What the task requires. Write out exactly the lines from the one with "Sağlıklı, güzel bir" through the last line of the data below, but not the pictures.

Recorded data.
▼▼▼

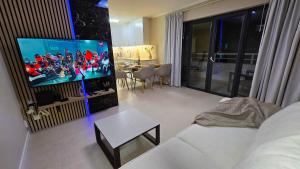 a living room with a flat screen tv on a wall at Beachfront Premium Apartment with Sunset, Pools & Sea View in Portimão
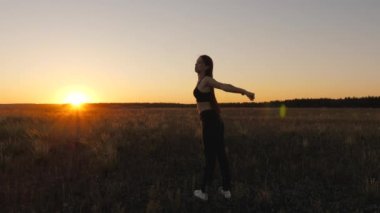 Sağlıklı, güzel bir kız şehrin dışında güneşlenir. Egzersiz ve temiz havada ısınma. Özgür genç bir kadın gün batımında yaz parkında spor yapmaya gider. Kız jimnastik yapıyor.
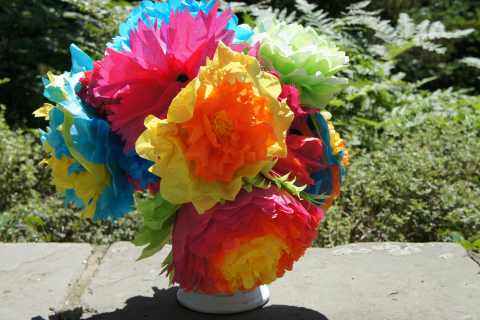 rainbow tissue paper carnations in a vase on top a stone wall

▲▲▲

Answer section.
 Sağlıklı, güzel bir kız şehrin dışında güneşlenir. Egzersiz ve temiz havada ısınma. Özgür genç bir kadın gün batımında yaz parkında spor yapmaya gider. Kız jimnastik yapıyor.
 rainbow tissue paper carnations in a vase on top a stone wall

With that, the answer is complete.